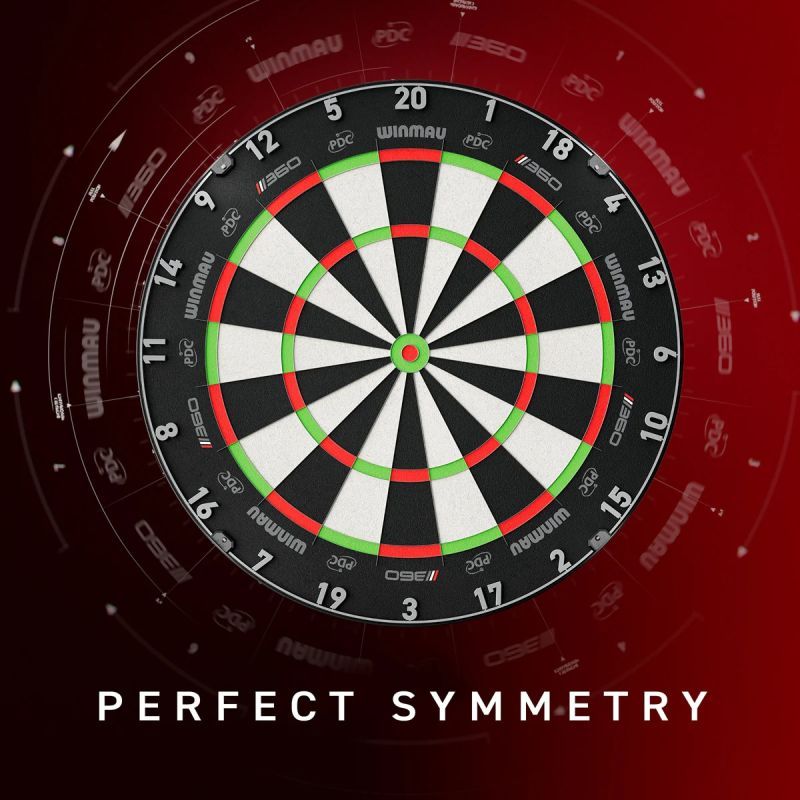 WINMAU Dartboard Blade 6 360 Bristle Board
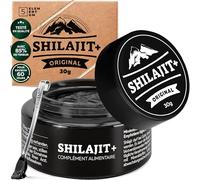 Shilajit Original Himalaya - 60g (30g x2) - Provision pour 120 jours - Shilajit Premium Pur Hautement dosé de l’Himalaya récolté à la main Incl. cuillère doseuse de 500mg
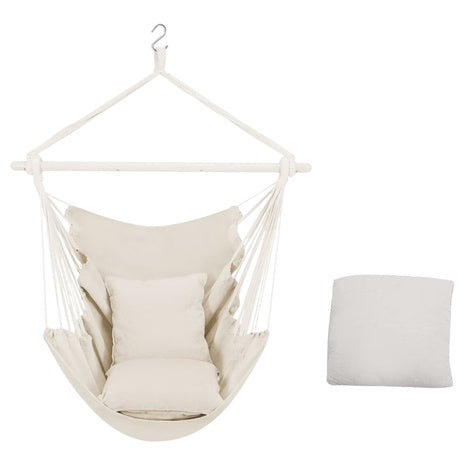 Large Hammock Chair Swing With 2 Seat Cushions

|---|

_Exercise description_. Return the material exactly as it reads, though without the pictures it holds.

_Finished task_.
 WINMAU Dartboard Blade 6 360 Bristle Board
 Shilajit Original Himalaya - 60g (30g x2) - Provision pour 120 jours - Shilajit Premium Pur Hautement dosé de l’Himalaya récolté à la main Incl. cuillère doseuse de 500mg
 Large Hammock Chair Swing With 2 Seat Cushions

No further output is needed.